En el caso de Bolivia, el efecto es aún más crónico debido a la presencia de varios de los factores de riesgo y vulnerabilidad, como la crisis económica, la inestabilidad política, las migraciones internas, los patrones de urbanización, la explotación descontrolada e ilegal de los recursos naturales y la degradación ambiental.
El reporte EM-DAT, una base de datos mundialez sobre desastres naturales, administrado por la Universidad de Lovaina, señala que entre 1965 y 2020, Bolivia, experimentó 84 fenómenos meteorológicos extremos como sequías, inundaciones, incendios forestales, deslizamientos y olas de calor, que causaron daños por 3.700 millones de dólares, equivalentes al 9% del PIB actual.
El año pasado nuestro país soportó una de las sequías más extremas en los últimos años. Siete departamentos presentaron una drástica caída en la disponibilidad de agua y 124 municipios con 550.000 familias se declararon en desastre. Debido además a que hemos perdido el 50% del área de los glaciares de la cordillera, el lago Titicaca descendió a su nivel histórico más bajo; las represas que alimentan la ciudad de Potosí casi desaparecieron y las de El Alto perdieron tanta agua que fue necesario el racionamiento.
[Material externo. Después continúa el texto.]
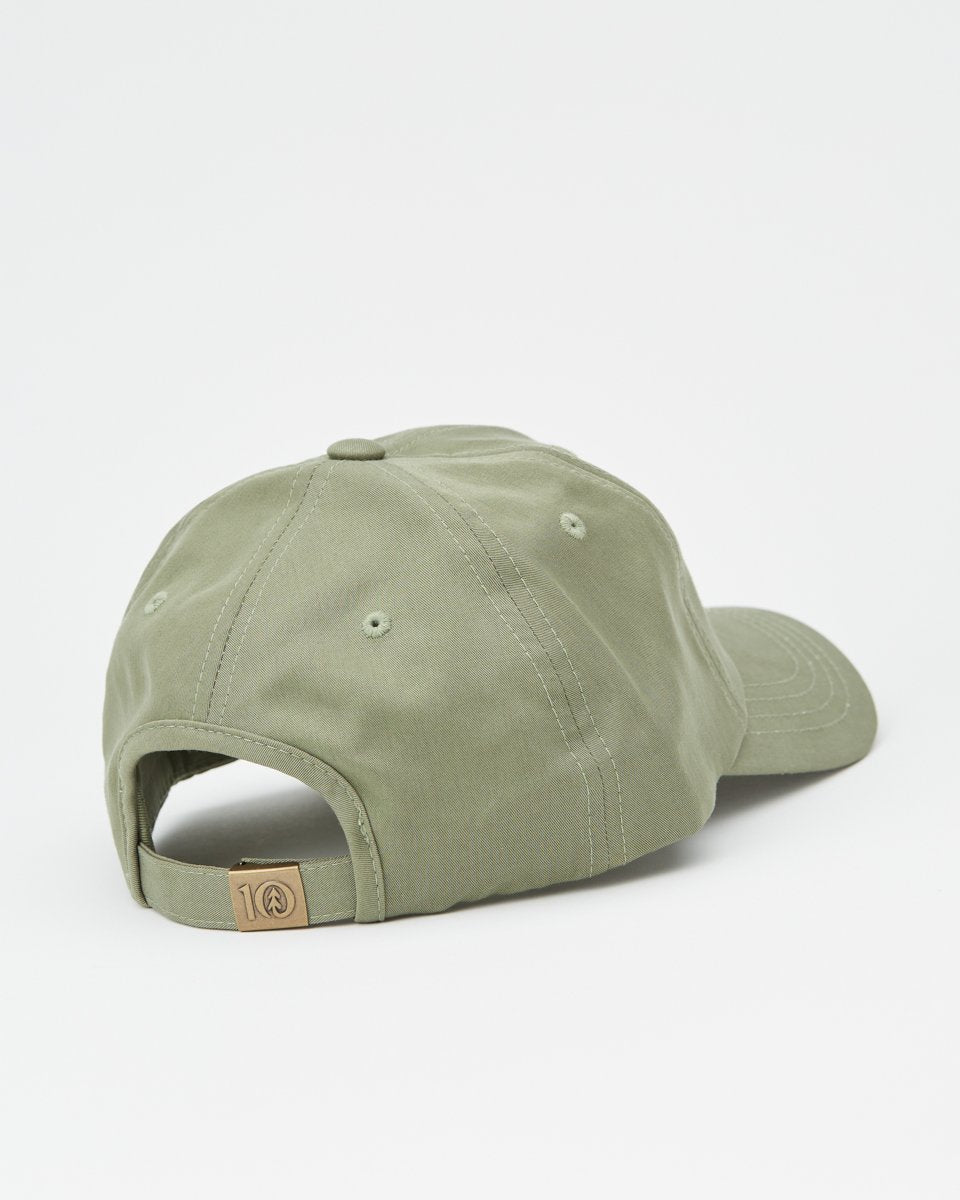 Tree Embroidery Tencel Peak Hat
Cerca del 70% de los cultivos de granos, especialmente quinua, se dañaron y más de 100.000 cabezas de ganado fueron afectadas. Sin embargo, algunos especialistas estiman que la situación en 2024 podría empeorar ya que el país transita hacia el fenómeno de El Niño, caracterizado por la falta de lluvias.
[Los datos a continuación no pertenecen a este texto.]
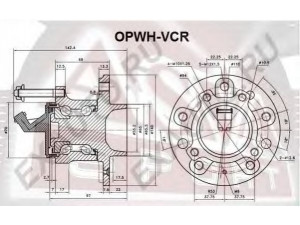 ASVA OPWH-VCR rato stebulė 
 Ašies montavimas/vairavimo mechanizmas/ratai -> Rato stebulė/montavimas -> Rato stebulė
16 04 314, 93170611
Uno de los mayores problemas es que, pese a que Bolivia está entre los países con mayor disponibilidad de agua en el mundo, posee un déficit anual que afecta al 13% de la población urbana y al 38% de la población rural; además, es el país con menor capacidad de almacenamiento en embalses de agua de la región.
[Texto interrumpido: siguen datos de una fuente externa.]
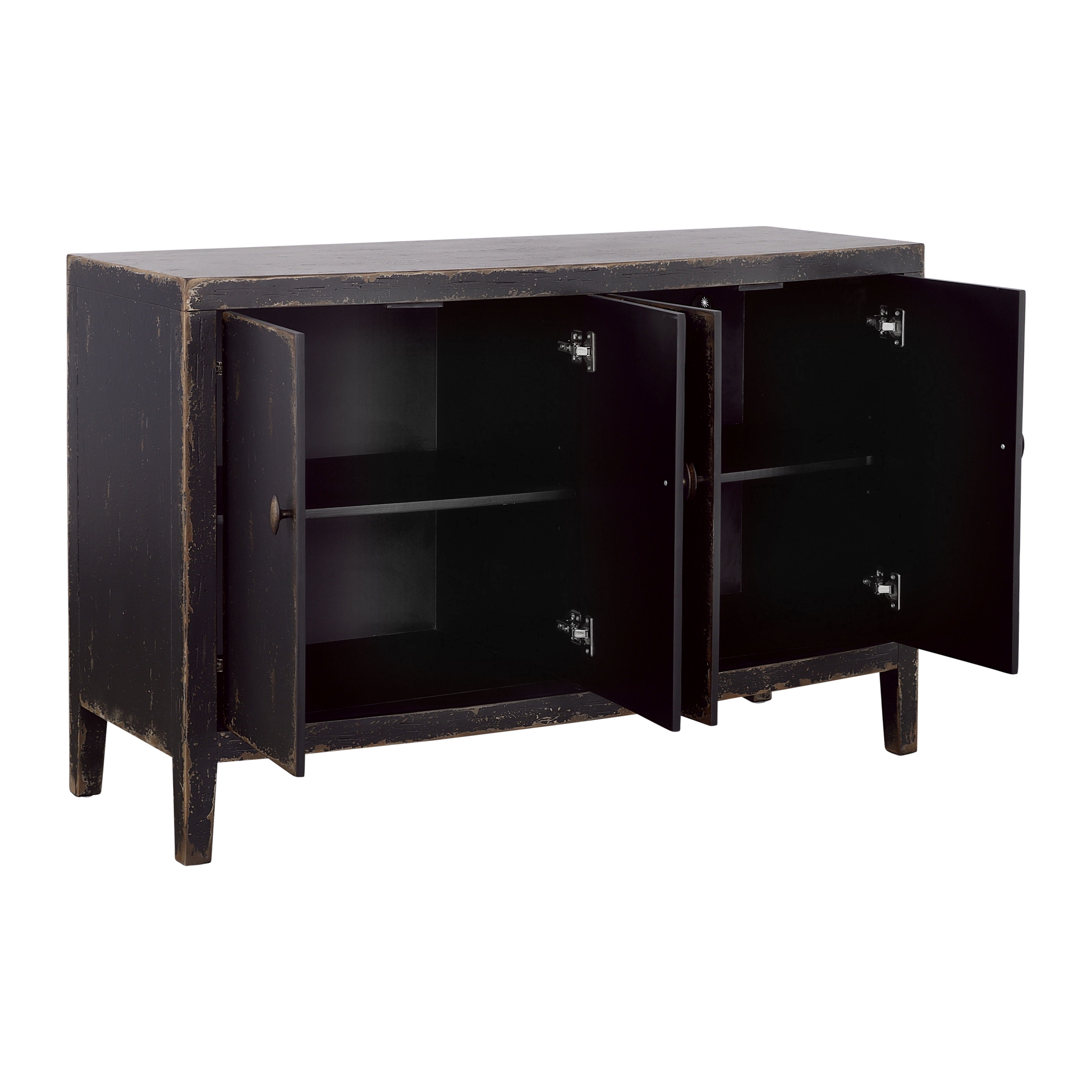 Gibson - Four Door Credenza - Coal / Brown - Premium Credenzas from Coast2Coast Home - Just $3712.50! Shop now at brett interiors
A diferencia de las crisis políticas e incluso económicas, que se solucionan con el diálogo, este es un problema irreversible cuyo impacto solo puede mitigarse en sus efectos y en la capacidad de prevención, resiliencia y adaptación.
Es necesario crear políticas públicas para diversificar las fuentes hídricas, mejorar la distribución de agua potable y el sistema de alcantarillado y generar una cultura de manejo del agua, vinculando la gestión de riesgos con la preservación de la biodiversidad, los planes de desarrollo y los ecosistemas estratégicos. Urge cambiar radicalmente las políticas medioambientales de nuestro país, fortalecer los mecanismos de alerta temprana, destinar mayor inversión en programas de prevención, optimizar la capacidad pública de atención de desastres, la articulación de auxilio y el endurecimiento de sanciones para la quema y tala ilegal de bosques, el desvío de ríos y el dragado de cauces, entre otros.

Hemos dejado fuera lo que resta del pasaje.